Writing isn’t brain surgery, but it’s rare when someone adept at the latter is also so accomplished at the former. Searching for meaning and purpose in his life, Kalanithi pursued a doctorate in literature and had felt certain that he wouldn’t enter the field of medicine, in which his father and other members of his family excelled. “But I couldn’t let go of the question,” he writes, after realizing that his goals “didn’t quite fit in an English department.” “Where did biology, morality, literature and philosophy intersect?” So he decided to set aside his doctoral dissertation and belatedly prepare for medical school, which “would allow me a chance to find answers that are not in books, to find a different sort of sublime, to forge relationships with the suffering, and to keep following the question of what makes human life meaningful, even in the face of death and decay.” The author’s empathy undoubtedly made him an exceptional doctor, and the precision of his prose—as well as the moral purpose underscoring it—suggests that he could have written a good book on any subject he chose.

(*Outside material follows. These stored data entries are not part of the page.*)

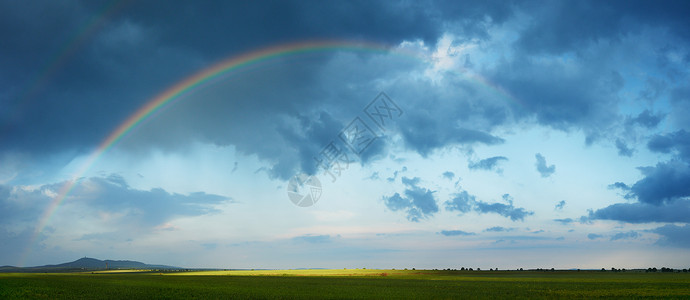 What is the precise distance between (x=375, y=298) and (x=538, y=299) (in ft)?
58.9

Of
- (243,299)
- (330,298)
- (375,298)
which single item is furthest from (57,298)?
(375,298)

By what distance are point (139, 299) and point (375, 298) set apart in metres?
26.2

Part of what makes this book so essential is the fact that it was written under a death sentence following the diagnosis that upended his life, just as he was preparing to end his residency and attract offers at the top of his profession. Kalanithi learned he might have 10 years to live or perhaps five. Should he return to neurosurgery (he could and did), or should he write (he also did)? Should he and his wife have a baby? They did, eight months before he died, which was less than two years after the original diagnosis. “The fact of death is unsettling,” he understates. “Yet there is no other way to live.”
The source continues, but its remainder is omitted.